Excerpts of the speech.

"Everything around us is not perfect and there are some impediments and it will be so even in the future. But, today, we are free to go about our business, interest rates are far more conducive to borrowers, exchange rates are free of sudden volatility, inflation is relatively stable, infrastructure developments has taken place at a pace that we haven't witnessed before.

"However, despite all these healthy indicators, private sector credit growth has seen a sharp decline during the past three years. Private sector credit growth, which was 34.5% in 2011, declined to 17.6% in 2012 and further declined to 7.5% in 2103.

It is now estimated to be 2% upto June this year. This is not a healthy trend if we are to aspire reaching those economic targets ahead of us.

It is acknowledged that the contribution to GDP by the services sector will remain high at nearly 60%, 58.1% to be exact in 2013. The industrial sector is the second largest contributor to GDP at 31% and has grown by 9.9% in 2013.

Most of our members represent the factory Industry sub sector that is the largest contributor to the manufacturing sub sector that has grown by 7.9% in 2013 and contributes 15% towards GDP. Is this adequate?, he queried.

As in the more developed countries, cannot the contribution from the factory industry sub sector be increased to 20% of GDP in the next 10 years to enable a more significant contribution? If there is a sound and clear industrial policy framework and a conducive and investor-friendly environment this is achievable.

Today, there is a clear need for trained labour and managerial talent within industry on a day-to-day basis. Sri Lanka's overseas remittances have become one of the most significant revenue streams for Sri Lanka. Worker remittances in 2013 amounted to Rs 827 billion, which will probably increase to Rs 900 billion this year.

In 2013, 293,000 Sri Lankans travelled overseas on employment, an increase of almost 4% over the past year.
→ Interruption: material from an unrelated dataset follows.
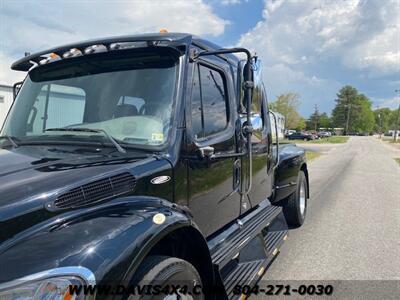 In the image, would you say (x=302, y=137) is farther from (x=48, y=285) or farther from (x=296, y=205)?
(x=48, y=285)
When we are in need of indigenous labour and knowledge at home, can we continue to trade our knowledge and sweat on a continuous basis?

Cannot we reverse this trend and redeploy the professionals and workforce in local industries in a more dignified manner in their own surroundings with minim social costs.

Geographically, Sri Lanka is in a strategic position, equipped with an able, literate and a trainable workforce.

Our costs are yet not too uncompetitive. With all these positives that prevail, it is time that we formulate an industrial policy for the 'New Sri Lanka' that will stimulate industrial growth to meet economic goals.

Often, we compare ourselves with the Singapore of the past. In recent years with increased costs, more industries have moved out of Singapore. But with limited space and absolutely no natural resources, but a literate workforce, Singapore has a per capita GDP of almost US $ 55,000 against Sri Lanka's GDP per capita of US $ 3,200.

Apart from the routine functions that are performed by the IASL to represent and be an advocate of the members. With the assistance of the committee I will:

* Engage and work with the Ministry of Industry and Commerce and create a forum that could address the common problems and constrains that effect all members and others, which are specific to members.

* Review the National Industrial Policy Framework that was developed by the IASL in 2029 under the Chairmanship of Dr Anura Ekanayake, with the Institute of Policy Studies and with World Bank financing and re-present it to the Government through the Ministry of Industry and Commerce for consideration.

* To improve member engagement and increase membership to 100.

The manufacturing and industrial sector has many challenges ahead of them.

However, if we are to reap the post-terrorism dividend, let us not grumble and complain but look at the numerous opportunities that are ahead of us in reaching a GDP per capita of US $ 7,000 by 2020.

I call upon the government to provide an industry and investor-friendly environment particularly by enabling a clear direction and a consistent policy framework."